Another nature reserve is defined on the North Eastern peninsula, called Msitu Mkuu. Antelopes and monkeys are said to live among the forests here, although sightings are rare.

Exploring East Pemba

At the central intersection in the middle of the island, the village of Chwale is famous in Pemba for being the site of their favourite annual bullfights, the Mchezo ya ngombe, or ‘game of the cow’. These are a source of great amusement and excitement and are held at very distinct times of the year when the weather is hot and dry and the cloves have been harvested, and the farmers have no urgent jobs to attend to. So before the short rains in October and November and sometimes in July the islanders of Pemba gather in the empty fields and bet on their favourite bull. They require three bulls for each fight, each tethered at the end of a very long rope.

The following action generally involves local boys posing as matadors in front of a moody-looking bull, until the animal charges and the ‘matadors’ jump aside. It can also involve local wide-boys racing around hitting the animals with sticks, and lots of loud shouting, squeaking and general encouragement from the women. The bulls always win and are finally led through the streets in triumph and often decked with flowers.
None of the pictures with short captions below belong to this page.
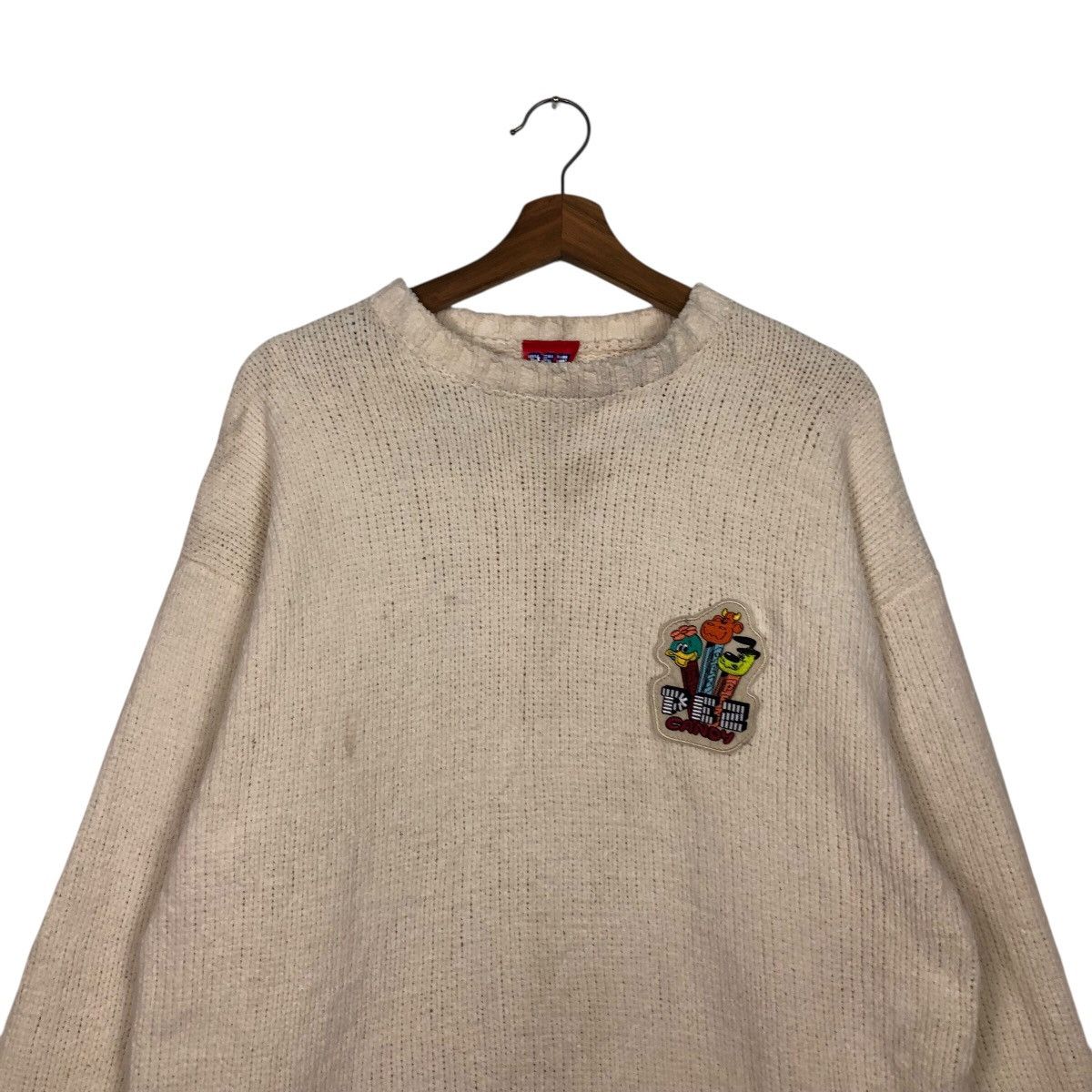 Japanese Brand 📌Vintage Knit Sweatshirt Pee Canoy Cartoon Issey Miyake Size US L / EU 52-54 / 3 - 4 Thumbnail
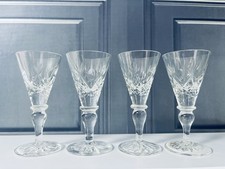 Vintage Set Of 4 Cut Crystal Sherry Glasses Stands 5” Tall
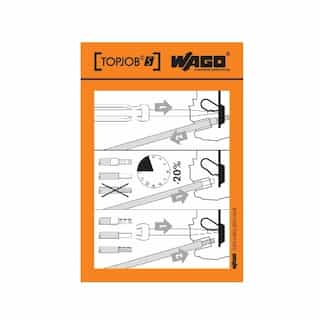 Wago Operating Instructions Sticker, 2001/2002/2004/2006/2010/2016 Series
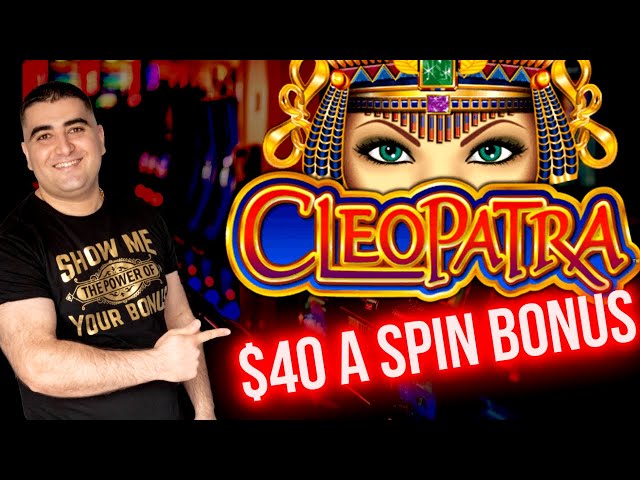 I Got A $40 Bet Bonus On High CLEOPATRA 2 Slot And Guess What It Paid | SE-4 | EP-16
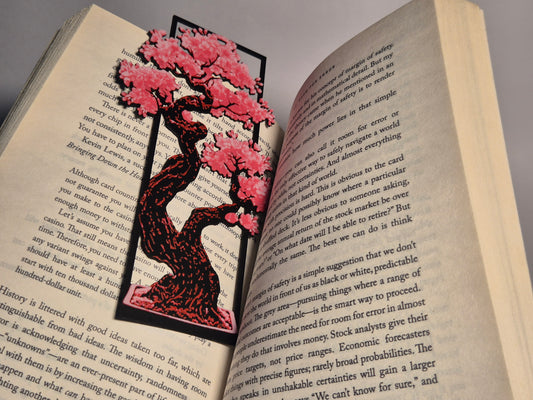 3D Cherry Blossom Bookmark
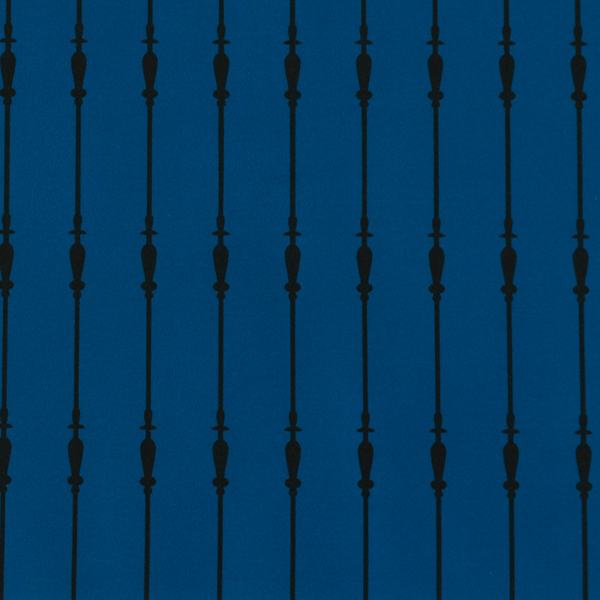 C0519　青緑×黒ストライプ柄生地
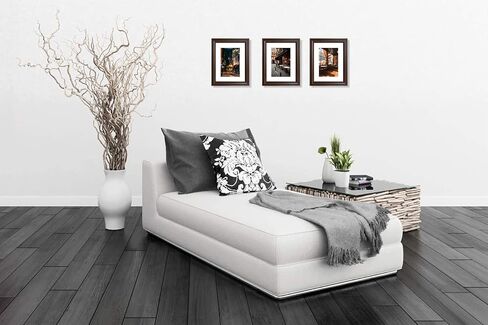 Golden State Art, 11x14 Photo Frame with 8x10 Ivory Picture Mat and Real Glass - 1.8-inch Width (Brown) in Saudi Arabia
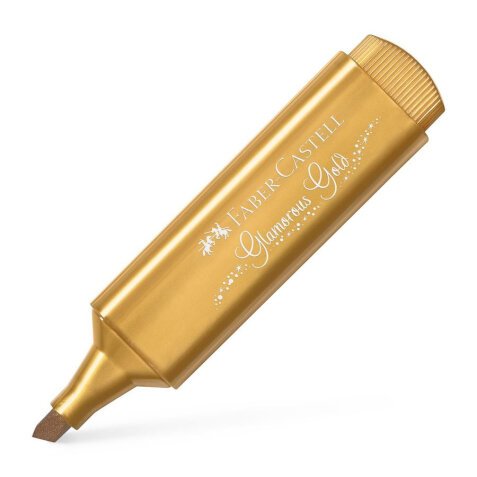 Surligneur faber castell textliner tl 46 metallic      glamorous gold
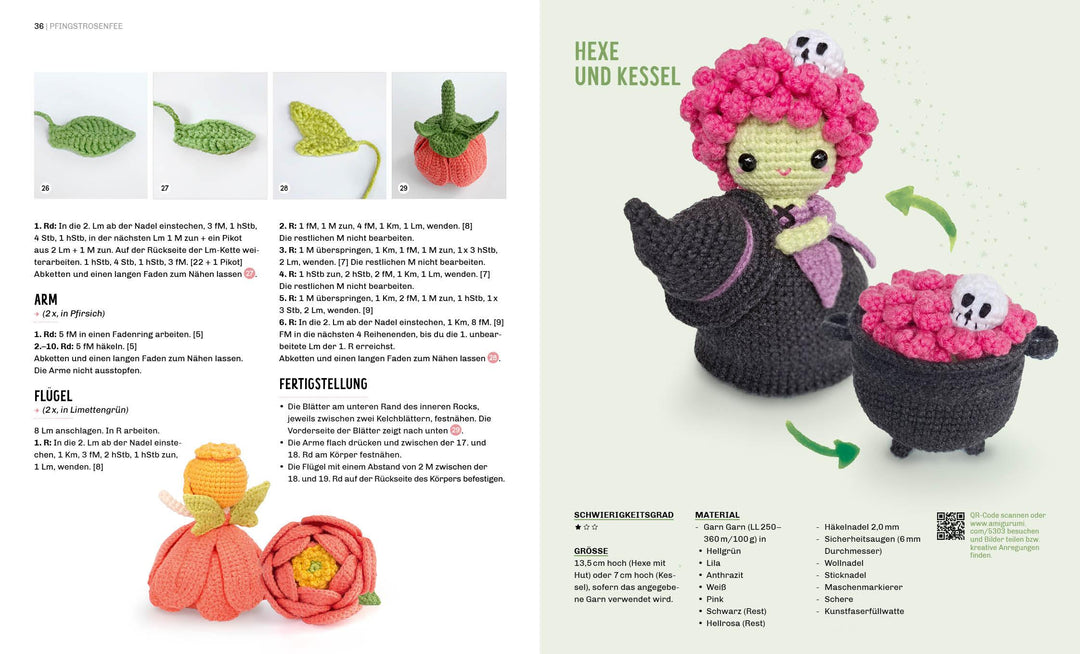 Zauberhafte Wende-Amigurumis häkeln mit @chibiscraft | Pranajaya, Febby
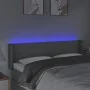 Kopfteil aus hellgrauem Stoff mit LED 147x16x78/88 cm von vidaXL, Kopf- und Fußteile - Ref: Foro24-3123094, Preis: 64,36 €, R...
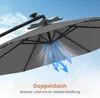 Ombrellone COSTWAY da 350 cm con base, luci a LED e Anteprima dell’immagine prodotto 7
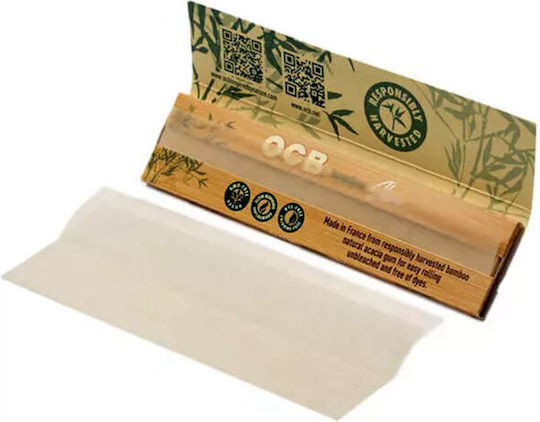 Ocb Bamboo Foițe de Țigări Rulate Slim King Size 32 foi 1buc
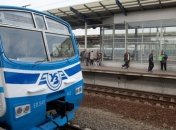 В Киеве отменили городскую электричку
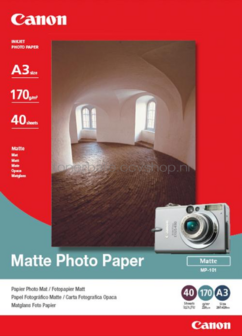 Canon MP-101 Fotopapier Mat | A3 | 170 gr/m&sup2; 40 stuks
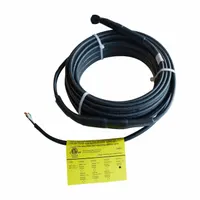 This pre-assembled electric heating cable is designed for freeze protection and temperature maintenance on short pipes. It operates at 240V AC and is hardwired, including a heating cable and power cable without a plug. Suitable for indoor and outdoor use
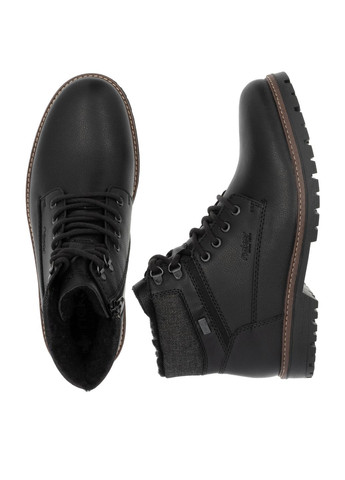 Черные зимние зимние повседневные ботинки Rieker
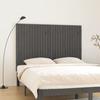 824960 vidaXL Wall-mounted Headboard Grey 166x3x110 Cm Solid Pine Wood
A popular favourite in recent years has been ‘Resasi’, a name meaning ‘bullet’. Bullfights also take place in the villages of Pujini, Mchangamdogo, Ole, Wingwi, and Kengeja.

The people of nearby Kojani Island are renowned for being fishermen of considerable repute. They work in groups of ten or so men, with a traditional technique known only to them. They traditionally leave Pemba and fish commercially around Mombassa and Kenya, then return home to support their women and families. It is thought that Kojani Island has a population of as many as 80,000 people, and onlookers from the Pemba mainland will see a number of fine-looking houses clustered together on the opposite shore.

Still thriving and well-tapped sun-dappled rubber plantations extend inland along the Chwale-Mzambaraoni Road, and you can stop to visit the processing factory at the side of the road. The rubber is tapped and trained during December, and during this time the sap is collected from the trees and poured into a giant outdoor bath. From here it is weighed and dried and squashed and squared, and then pressed and hung out to dry.

Rubber squares are taken into a smokehouse, with huge coal burners beneath each, where they are heated to vast high temperatures to become malleable and easily manipulated. (Unwitting small creatures that crawl inside can also be found belly-up on the cooking rack). The factory has the capacity to produce approx. one tonne or between 5000 – 6000 kg per day, and the final material is exported for latex bandages and other uses. The factory is presently going through a period of crisis, as workers seem to be under the impression that the owner is giving up his trade.